Department of Chemical and Biomolecular Engineering, National University of Singapore, 4 Engineering Drive 4, Singapore, 117585, Singapore.
College of Chemistry, Chemical Engineering and Materials Science, Collaborative Innovation Center of Suzhou Nano Science and Technology, Soochow University, 215123, Suzhou, China.
Nat Commun. 2020 Sep 29;11(1):4899. doi: 10.1038/s41467-020-18532-3.
Chemical synthesis of amino acids from renewable sources is an alternative route to the current processes based on fermentation. Here, we report visible-light-driven amination of biomass-derived α-hydroxyl acids and glucose into amino acids using NH at 50 °C. Ultrathin CdS nanosheets are identified as an efficient and stable catalyst, exhibiting an order of magnitude higher activity towards alanine production from lactic acid compared to commercial CdS as well as CdS nanoobjects bearing other morphologies.
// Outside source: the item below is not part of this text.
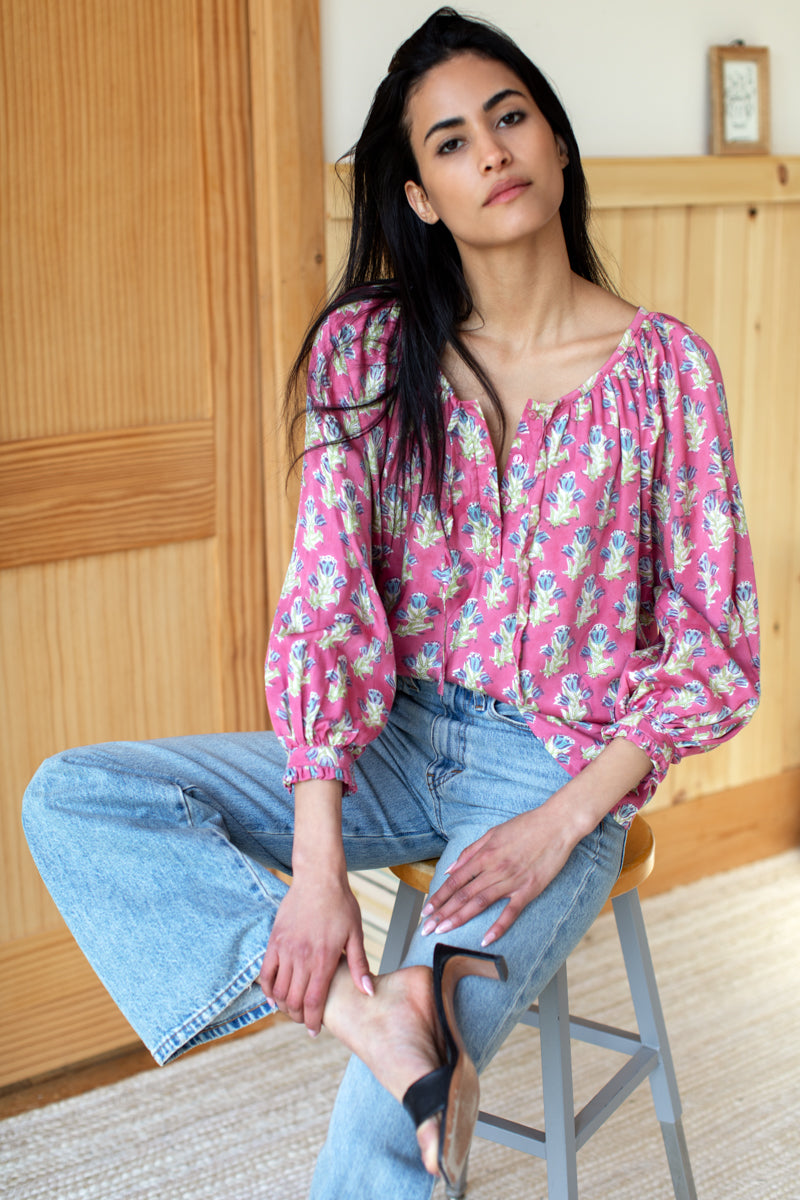 Lucy 2 Blouse - Bell Flower Satin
Its unique catalytic property is attributed mainly to the preferential formation of oxygen-centered radicals to promote α-hydroxyl acids conversion to α-keto acids, and partially to the poor H evolution which is an undesired side reaction. Encouragingly, a number of amino acids are prepared using the current protocol, and one-pot photocatalytic conversion of glucose to alanine is also achieved. This work offers an effective catalytic system for amino acid synthesis from biomass feedstocks under mild conditions.
从可再生资源中合成氨基酸是替代目前基于发酵的工艺的一种途径。在这里,我们报告了在 50°C 下使用 NH3 通过可见光驱动生物质衍生的α-羟基酸和葡萄糖胺化成氨基酸。超薄的 CdS 纳米片被鉴定为一种高效且稳定的催化剂,与商业 CdS 以及具有其他形态的 CdS 纳米物体相比,其对乳酸生成丙氨酸的活性要高出一个数量级。它独特的催化性能主要归因于优先形成氧中心自由基,以促进α-羟基酸转化为α-酮酸,部分归因于不良的 H 演化,这是一种不希望发生的副反应。令人鼓舞的是,使用当前方案制备了多种氨基酸,并且还实现了葡萄糖一锅光催化转化为丙氨酸。这项工作为温和条件下从生物质原料合成氨基酸提供了一种有效的催化体系。